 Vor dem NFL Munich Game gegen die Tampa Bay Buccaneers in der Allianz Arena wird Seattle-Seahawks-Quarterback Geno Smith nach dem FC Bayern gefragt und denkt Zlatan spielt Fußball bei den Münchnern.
---
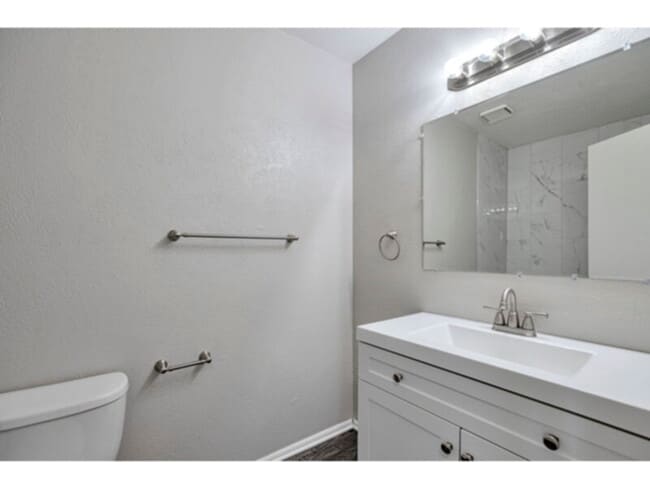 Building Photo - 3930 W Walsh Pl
* * *
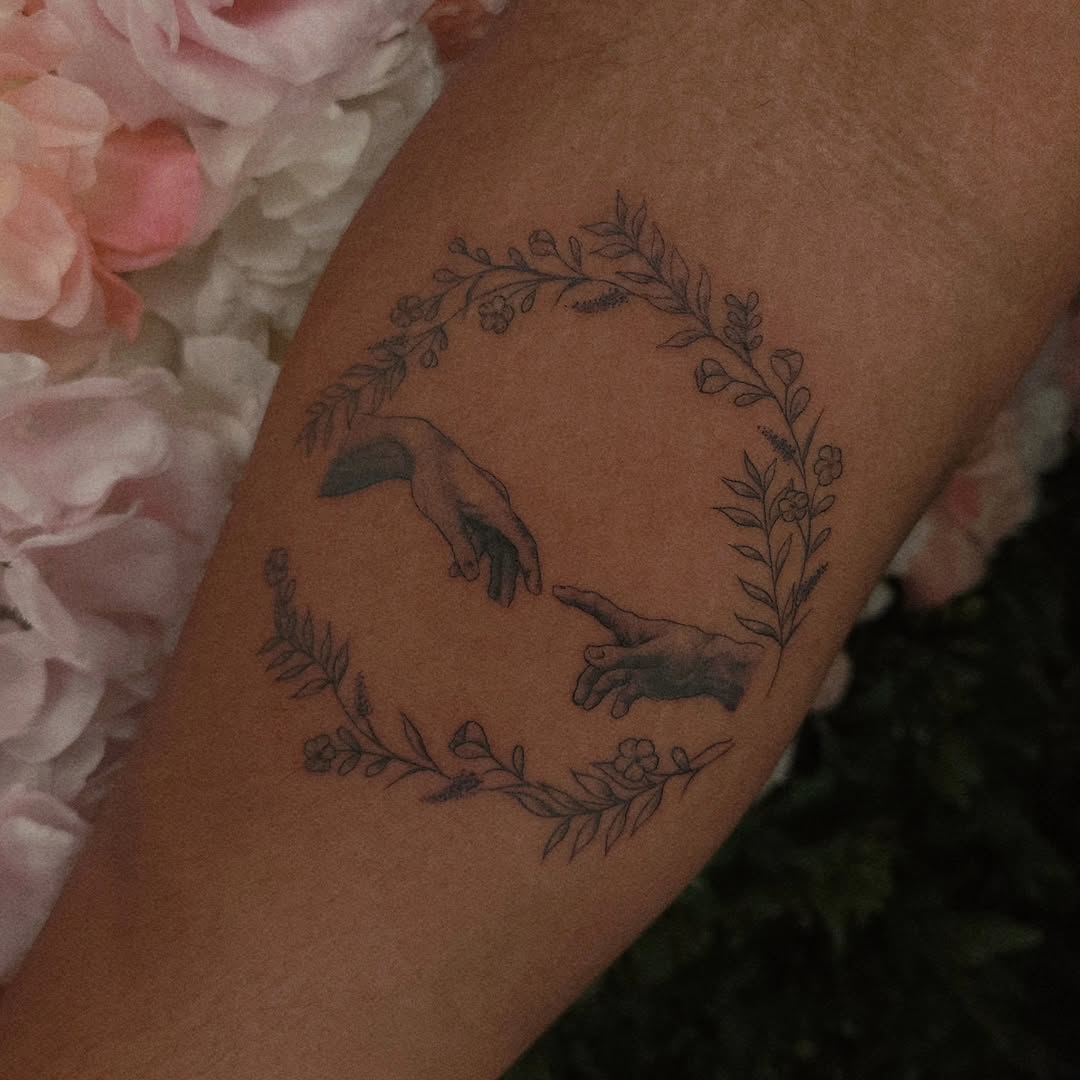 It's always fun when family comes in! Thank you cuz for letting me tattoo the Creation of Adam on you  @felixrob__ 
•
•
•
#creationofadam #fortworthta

• [PROBLEM DESCRIPTION] Start at the line above containing "It's always fun" and stop at the line containing "#creationofadam #fortworthta": print those lines and everything between them exactly, but not the pictures.

• [ANSWER TO THE PROBLEM]
 It's always fun when family comes in! Thank you cuz for letting me tattoo the Creation of Adam on you  @felixrob__ 
•
•
•
#creationofadam #fortworthta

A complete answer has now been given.